PBOC midpoint sees 2nd biggest loss in history, pushes yuan lower
* Move comes after PBOC governor vows wider trading band
* Slowing exports create conditions for two-way trading
* Trend for yuan to rise slowly still intact this year
* Yuan at 6.3239/dlr, up 7.9 pct since June 2010 de-peg
By Lu Jianxin and Gabriel Wildau
SHANGHAI, March 12 (Reuters) - The People's Bank of China's (PBOC) set its dollar/yuan midpoint sharply lower on Monday, the second biggest single-day fall on record, in the latest signal that China is willing to let its currency move in a wider range.
The central bank has allowed the yuan to move in a relatively wide range after PBOC governor Zhou Xiaochuan said last week that conditions were now ripe for the yuan's exchange rate to float more widely.
Last week, its midpoint dropped 0.41 percent from Monday to Thursday, the biggest four-day fall since August 2010, then on Friday it posted the biggest single-day rally in four months.
Traders and analysts said the PBOC is apparently using the midpoint to widen the yuan's movements in either direction, a move that will gradually prepare both the domestic and global markets for sharper fluctuations of the Chinese currency.
But they said they do not expect the greater volatility will automatically lead to yuan depreciation, adding that they still expect the currency to firm over the year.
"The yuan appears to be ending its years of trend of one-year appreciation and is set to fluctuate in either way from now on," said Liu Dongliang, currency analyst at China Merchants Bank in Shenzhen.
"This will force Chinese companies to gradually get used to increasing exchange rate risk," he said. "But the trend for the yuan to continue to appreciate slowly will continue this year."
The central bank set the yuan midpoint at 6.3282 to the dollar on Monday, making the Chinese currency fall 209 pips or 0.33 percent from the previous day's fixing.
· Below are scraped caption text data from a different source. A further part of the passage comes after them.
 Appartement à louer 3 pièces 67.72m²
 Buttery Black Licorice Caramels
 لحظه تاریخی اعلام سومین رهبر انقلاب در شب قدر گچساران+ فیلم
It was the second biggest daily fall in the midpoint since China established its foreign exchange market in 1994. The biggest single-day fall occurred on August 12, 2010, when the yuan dropped 247 pips or 0.36 percent.
The yuan fell to 6.3239 against the dollar around midday, down from Friday's close of 6.3107.
"It's not a direct response to the trade numbers as such," said Robert Minikin, senior foreign exchange strategist at Standard Chartered in Hong Kong, referring to monthly trade data at the weekend which showed that China posted its largest monthly trade deficit in a decade. [ID: nL4E8EB030]
"It's simply a reflection of the fact that the authorities want two-way variability, and they're prepared to adjust the fix to reflect that," he said.
China has long stated its intention to promote greater two-way flexibility in the tightly-controlled yuan, which has appreciated more than 30 percent since July 2005, when Beijing conducted a landmark revaluation of the currency.
Analysts say that the time is now ripe to widen the trading band from the current 0.5 percent.
The seasonal pattern of weaker exports in the first half of the year, combined with smaller cross-border capital flows compared to last year, means that a widening band move would likely not cause uncontrolled appreciation or excessive volatility in the near term.
The yuan generally moves less than 0.2 percent a day, so the immediate impact on the spot market of widening the trading band would be limited. Its main significance would be to further reinforce the signal sent by recent volatility in the midpoint.
Before it embarks on broadening the official trading band, they said.The PBOC should first encourage the yuan to move more widely both in intraday trading and with more volatile midpoints from day to day, traders say.
The central bank has kept the yuan stable within a tight range this year, in line with the government's policy to avoid any negative impact from a volatile exchange rate on the economy.
In the offshore non-deliverable forwards (NDF) market, the benchmark one-year NDFs implied yuan appreciation of 0.19 percent in afternoon trade, compared with 0.27 percent they implied at Friday's close.